If you select Templates from Chaos Hubs:
Select an experiment template from a chaos hub.
- Select Experiment Type to see available chaos hubs to select templates from.
- Select a template to see a preview of the faults included.
You can edit the template to add more faults or update the existing faults.
If you select Upload YAML:
Upload an experiment manifest YAML file to create the experiment.
You can edit the experiment to update the existing faults or add more of them.
Save the experiment.
Now, you can choose to either run the experiment right away by selecting the Run button on the top, or create a recurring schedule to run the experiment by selecting the Schedule tab.
Advanced experiment setup options
You can select Advanced Options on the Experiment Builder tab to configure the advanced options (described below) while creating an experiment for a Kubernetes chaos infrastructure:
General options
Node Selector
Specifies the node on which the experiment pods will be scheduled. Provide the node label as a key-value pair.
Can be used with node-level faults to avoid the scheduling of the experiment pod on the target node(s).
Can be used to limit the scheduling of the experiment pods on nodes that have an unsupported OS.
Toleration
Specifies the tolerations that must be satisfied by a tainted node to be able to schedule the experiment pods. For more information on taints and tolerations, go to the Kubernetes documentation.
Can be used with node-level faults to avoid the scheduling of the experiment pod on the target node(s).
Can be used to limit the scheduling of the experiment pods on nodes that have an unsupported OS.
Annotations
Specifies the annotations to be added to the experiment pods. Provide the annotations as key-value pairs. For more information on annotations, go to the Kubernetes documentation.
Can be used for bypassing network proxies enforced by service mesh tools like Istio.
Security options
Enable runAsUser
Specifies the user ID to be used for starting all the processes in the experiment pod containers. By default 1000
user ID is used.
Allows privileged access or restricted access for experiment pods
Enable runAsGroup
Specifies the group ID to be used for starting all the processes in the experiment pod containers instead of a user ID.

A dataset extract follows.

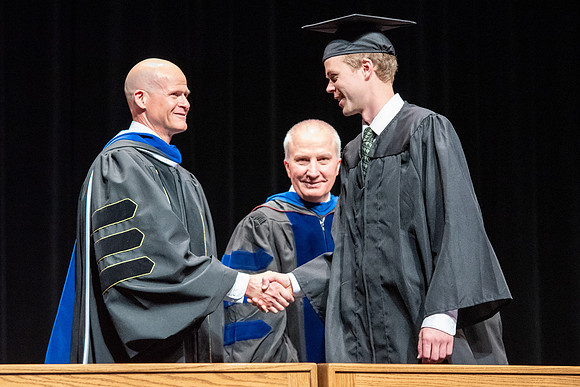 Graduates during convocation of the College of Physical Sciences and Engineering.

Allows privileged access or restricted access for experiment pods
Launch an experiment from a chaos hub
You can launch experiments from the default Enterprise Chaos Hub or from custom hubs.
Launching the experiment from a hub is different from running an experiment from the Chaos Experiments page. The experiments in chaos hubs are actually templates, so when you launch them from a hub you must provide some additional details. The experiments in the Chaos Experiments page execute immediately, as configured, when you run them.
To launch an experiment from a chaos hub:
In Harness, navigate to Chaos > ChaosHubs, and then select the hub you want.
Find the experiment you want to launch, and then select Launch Experiment.
Select a chaos infrastructure, and then select Next.
You can change the infrastructure type if necessary.
Chaos Studio is displayed when you select Next.
In Chaos Studio's Experiment Builder, select the faults in the experiment to configure them.
You can add more faults or delete faults from the experiment, or update the sequence of faults.
Select Run to execute the experiment.
You can also save your customized experiment as a template in a chaos hub using the Save button.
Analyze chaos experiments
You can observe the status of execution of fault/s of a chaos experiment during its run. The screen shows the experiment pipeline on the right hand side, and details such as Environment, Infrastructure Name, and the runs that have passed and failed on the left hand side.
When the experiment completes execution, it displays the Resilience Score. This score describes how resilient your application is to unplanned failures. The probe success percentage helps determine the outcome of every fault in the chaos experiment. Probes (if any) associated with the experiment are used to understand how the application fared.
If any of the faults fail, you can find the Fail Step that elaborates on the reason why the fault failed.